Like, for example the abnormal EEGs associated with some affective disorders, the ways some drugs can cause clinical depression or greatly exacerbate it, or the remarkable responses (reported, often, not by the patient but by the family, friends, and associates of the patient) to some medications?
Or, on a larger scale, Are all opinions determined not by evidence but by the desire for some kind of gain? And if so, is the opinion that opinions are so determined itself so determined? Certainly the opinion that opinions are determined by economic gain and power would fallunder the genral classification of "Marxism", and while there are many problems with Marxism, the first is the problem of how does Marxism explain Karl Marx?
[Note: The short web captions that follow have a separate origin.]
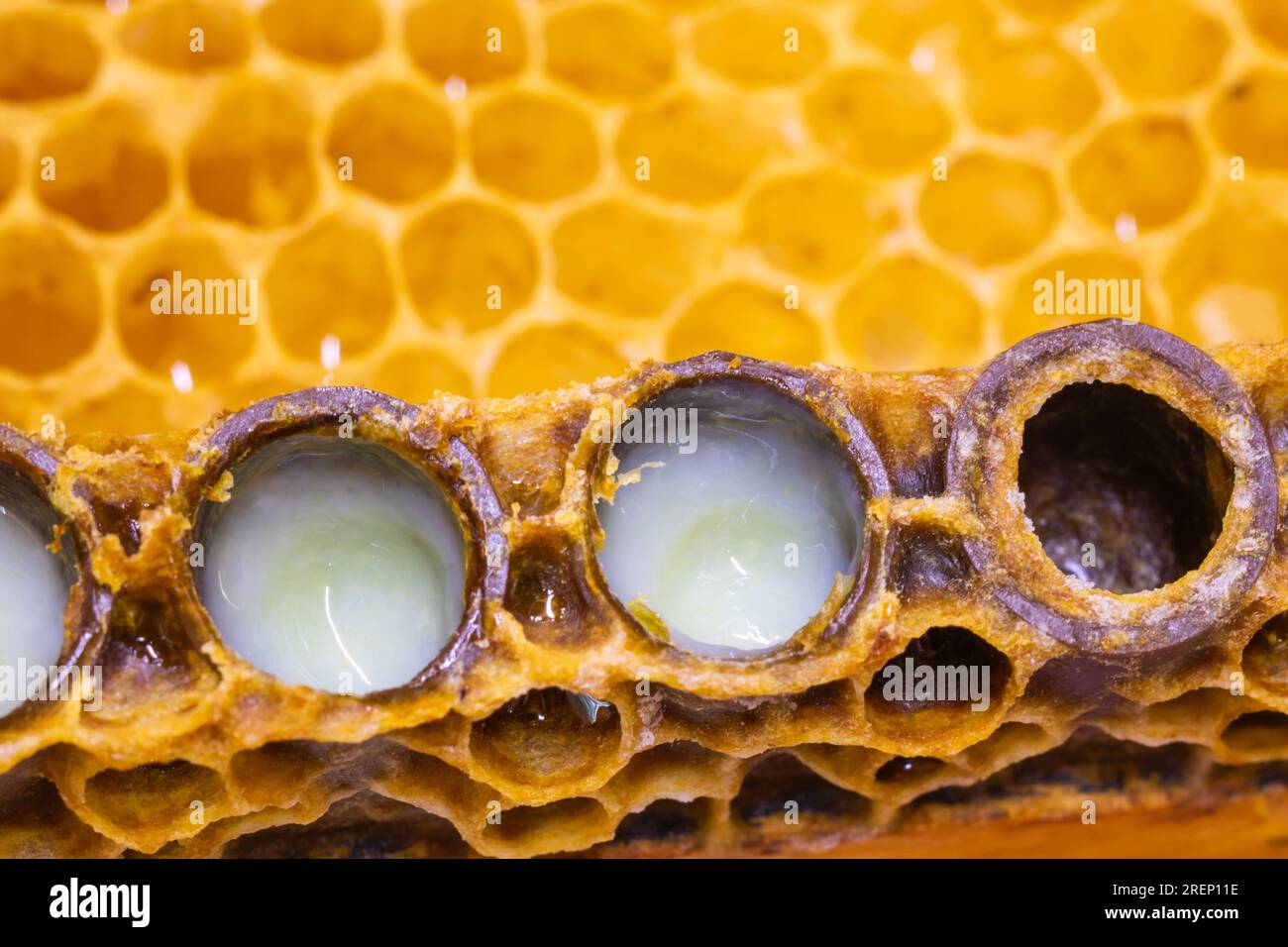 Organic Royal jelly production background photo. Royal jellies in the bee queen cells in focus. Stock Photo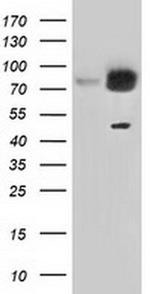 GRASP65 Antibody in Western Blot (WB)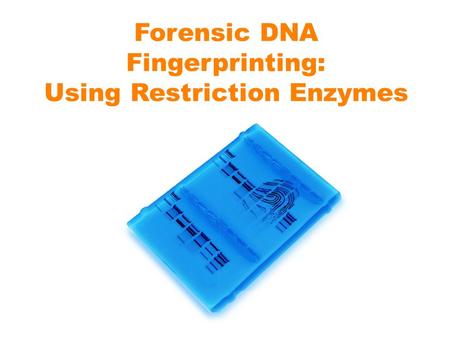 Forensic DNA Fingerprinting: Using Restriction Enzymes.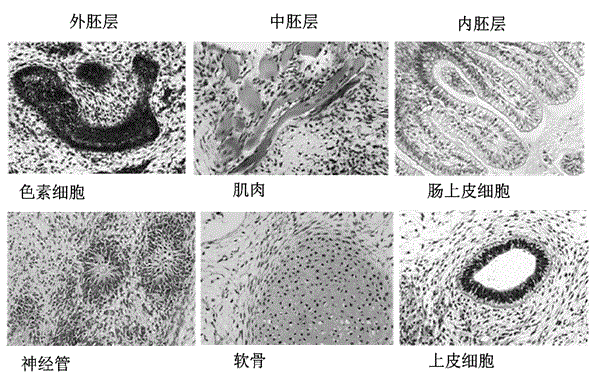 Serum-free medium of embryonic stem cells, and its application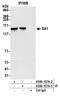 Stromal Antigen 1 antibody, A300-157A, Bethyl Labs, Immunoprecipitation image 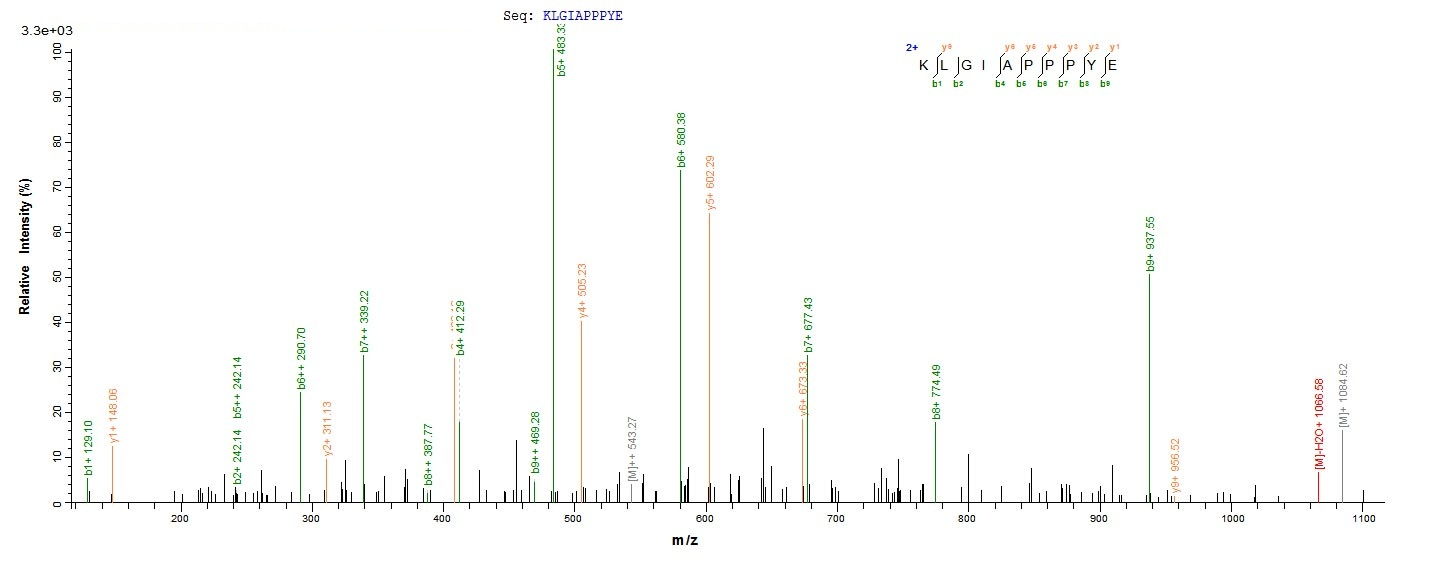 Virus M protein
And what is "Psychiatry" that "it" can adopt or reject models?
Having said all that, I will eagerly agree that medical insurance companies sure wish that all psychiatric problems would respond to medications which are often cheaper (and more effective, maybe) than "the talking cure".
Well, as a psychiatrist (ret) I would use "pursue" instead of adopt. You raise legitimate points and psychiatry has the data you mention and is doing that type of research you mention. It is also abandoning "talking therapy," (too time-consuming) and making unwarranted diagnoses all for the sake of increasing the bottom line. For example, Personality disorders are rarely diagnosed and are replaced with bi-polar affective disorder--why? Because you cannot treat personality disorders with medicine. Virtually all of the research in Psychiatry pursues the "Nature" (biological) side of mental illness while ignoring the "Nurture" (life's experiences and learning) side---that in and of itself is pursuit of the biological model.